Still, that’s little comfort to Lyons, even if the charge for her statue’s destruction could be elevated from vandalism to theft, because a part of it was taken. Keds has special meaning for her, in part because it was made as a project for a sculpting class while she was at Maine College of Art.

“It was a pretty significant piece to me,” Lyons said, “because I felt like I really had to prove myself to the instructor, because they really didn’t like a non-senior being in that class.

“I’ve done quite a few paintings and some of them just come out magical,” Lyons said. “This sculpture was one of those things. Whether it was luck or not, it was a ‘wowie.’”

Keds also became special because, as well as it turned out, the making of it was not entirely without pain. Lyons burned a quarter-inch hole in her chest when welding it.

“I used to get a lot of offers to sell it, but I just always felt like she injured me, so I’m keeping her,” Lyons said.

Keds was vandalized once before several years ago. At that time the sculpture was knocked over and when Lyons tried to right it, the head and one arm fell off.

She noticed the missing torso when backing out of her driveway, she said, and also noticed that the campaign sign that she’d uprooted and put near her trashcan, only a few feet from Keds, had been jostled, as if someone meant to take it and was interrupted.

As it turns out, a neighbor responded to Lyon’s Facebook posts about the vandalism to say she saw someone messing with the sculpture. The given time was “just minutes” before Lyons noticed the damage, she said.

Since then, Lyons has posted a description of the suspect, as provided by her neighbor: “A large man with broad shoulders, wearing a military-style jacket and camouflage pants.”

On her Facebook page, as well as a special page dedicated to catching the vandal, Lyons has speculated about the connection of the city council candidate, given that she later saw more signs pop up nearby, in front of the business located next to her home.

Those posts have the candidate in question, Councilor-elect Claude Morgan, feeling flummoxed.

“I don’t know what to even say about this accusation. It’s without fact. It’s bizarre. It impugns my integrity to not even be sworn in yet and find myself tied to a very tenuous connection of events,” he said on Tuesday. “It’s been tortuous to watch her connect the dots the way she does. It hurts me personally.”

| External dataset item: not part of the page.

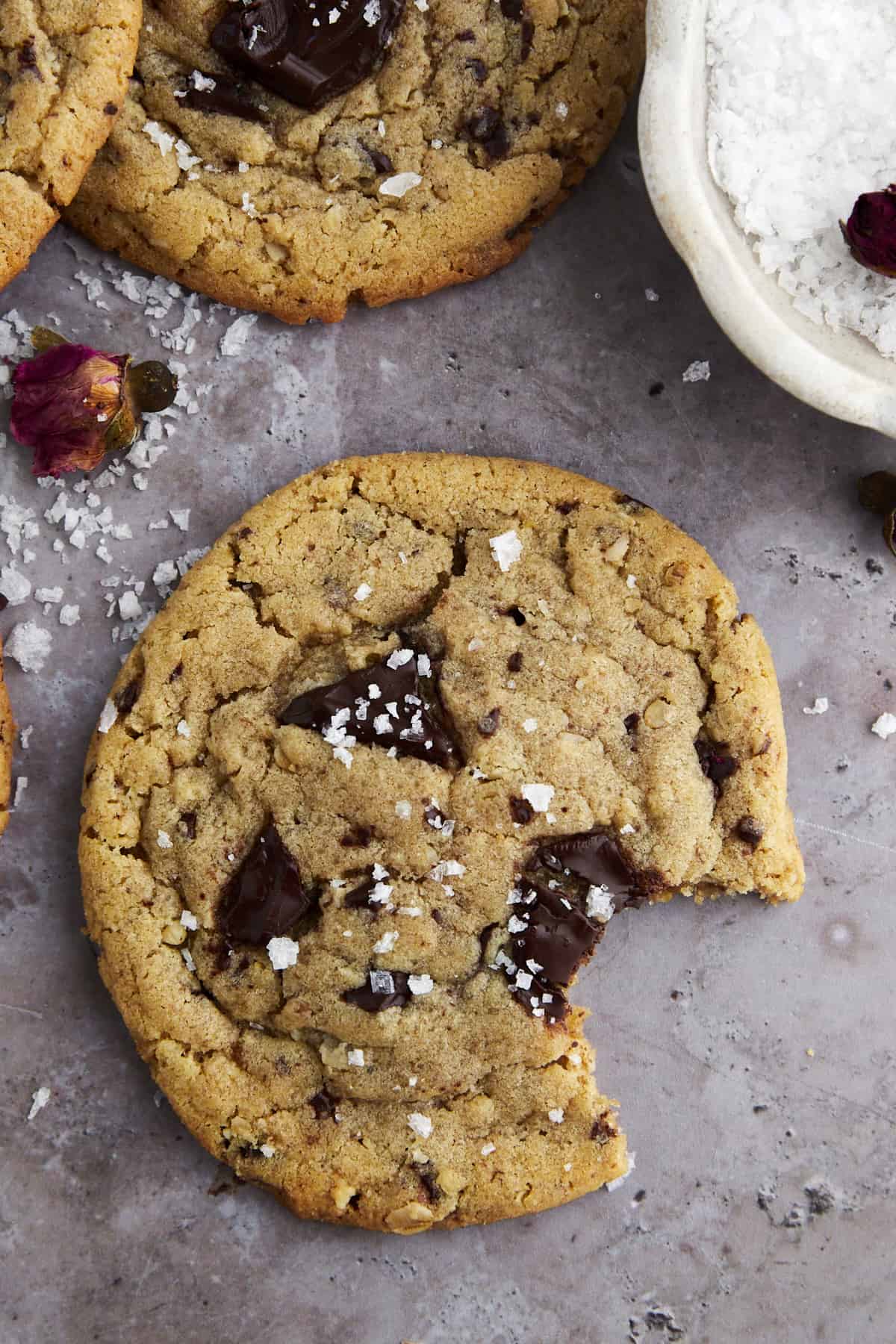a tahini chocolate chip cookie with a bite missing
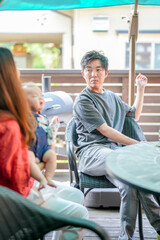 A man sits at a table with two other people, one of whom is holding a baby. The man is wearing a...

“I don’t think Claude [Morgan] took it,” Lyons said. “I’m not saying anything against him. I even voted for him. I just think if anyone has a motive, it’s whoever put the signs there. The fact that it was a midday theft committed by a lone adult, it makes sense that it wasn’t a random act”

Police Chief Ed Googins said Tuesday that the incident is “under investigation.” However, both Lyons and Morgan said they have yet to be interviewed by a police officer.

Meanwhile, Lyons would just like to get the missing torso back.

“They literally had to rip her pieces off,” Lyons said. “They pulled it right off the screws, but if I can get the body back, I can rebuild her.

“The piece he took was pretty heavy, he couldn’t have carried it that far,” Lyons said. “I’m afraid if too much time passes, he’ll destroy her, if he hasn’t already. I’m not interested in pressing charges. I simply want the sculpture back.”